OTTAWA — Health Minister Jane Philpott pledged action Tuesday to bring down "unacceptably high drug costs" as she announced consultations on a suite of proposed regulatory changes related to a drug prices board designed to protect consumers.
The Patented Medicine Prices Review Board — first created 30 years ago to ensure companies do not use monopolies to charge excessive costs — is now limited in its ability to protect consumers from high drug prices, Philpott said during lunchtime remarks hosted by the Economic Club of Canada.
"These consultations will help better equip the board to protect Canadians from excessive drug prices," she said.
The review board benchmarks Canadian prices against seven other countries, Philpott said, noting the countries used in the comparisons have some of the highest prices in the world, including the United States, where patented drugs cost twice as much as in Canada.
"If a new drug does not offer real health improvements, or is only slightly more effective than an existing treatment, is it fair for that drug to cost two or three times as much?" she asked.
It is the first time in more than 20 years the regulations will be substantially updated, Philpott added, noting the online consultations will run until June 28.
Dr. Mitchell Levine, the board's vice chair, welcomed the minister's decision in a statement on Tuesday, suggesting it would help reduce the cost of prescription drugs.

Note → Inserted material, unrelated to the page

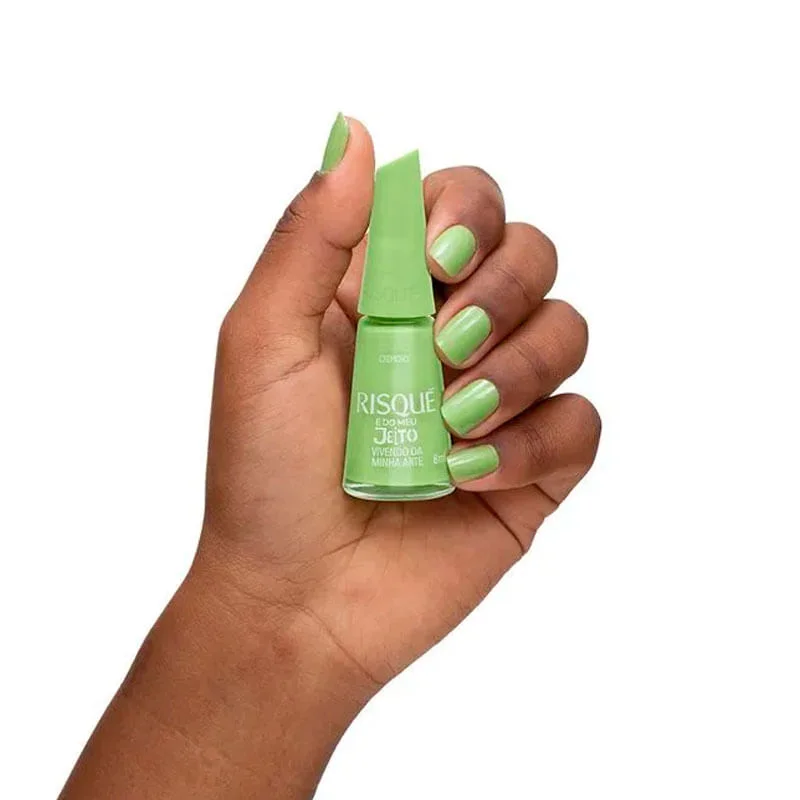 Mão segurando esmalte Risqué verde cremoso mostrando cobertura e acabamento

Steve Morgan, a professor at the University of British's Columbia School of Population and Public Health, said Tuesday the consultation period allotted by the federal government is fairly short, indicating the minister is making it clear she wants to see regulatory reforms right away.
"If the outcome of that process is a set of regulations that come up with a creative way to make sure that there is at least a minimum protection . . . and the Canadian health-care system is being protected against price gouging, then we'll be in a good position," Morgan said in an interview.

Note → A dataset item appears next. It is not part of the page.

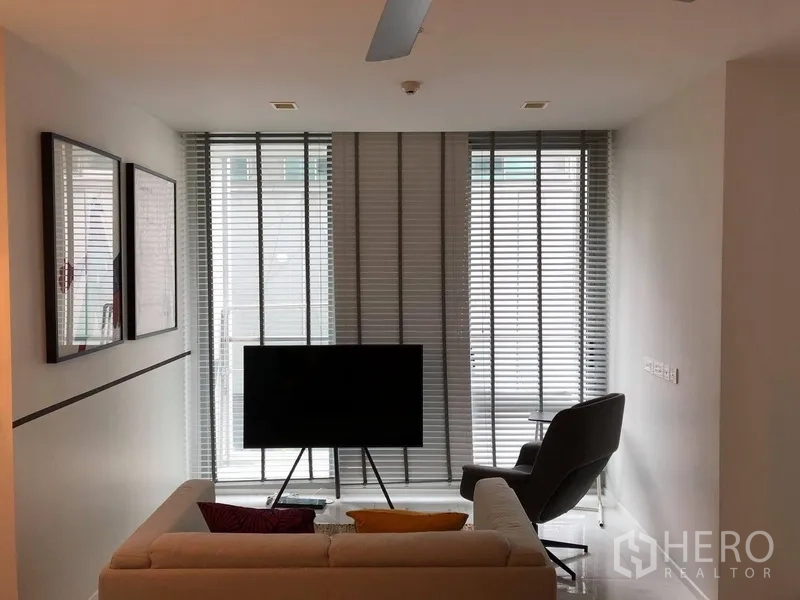 Condominium for rent or sale in Watthana, Bangkok - Living room with sofa, TV on stand, armchair and tall windows fitted with blinds.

Most drug plans can do a reasonable job at maintaining costs at a level that represents value for money, he added, saying the situation could be improved if drug plans were universal.
"Even countries that we compare to, that do really, really well . . . for maintaining value for money prices for regular drugs for regular people, they do struggle with maintaining reasonable prices for speciality drugs for patients with very serious diseases," he said.
Once discussions are complete, the federal government hopes to have new regulations in place no later than the end of 2018.
"Without question, it will have a significant impact on the lives of Canadians: it will lower unacceptably high drug costs," Philpott said.
"It will help stop excessive pricing practices and it will make it simpler and faster to make new and highly needed medications available to Canadians."
Louise Binder, a 68-year-old who has been HIV-positive since 1994, said she will be watching to see if the eventual regulatory changes will in fact do what the minister suggests — bring down the price of drugs.
"I think the devil is always in the details," she said, suggesting that any savings should also be funnelled back into the health-care system.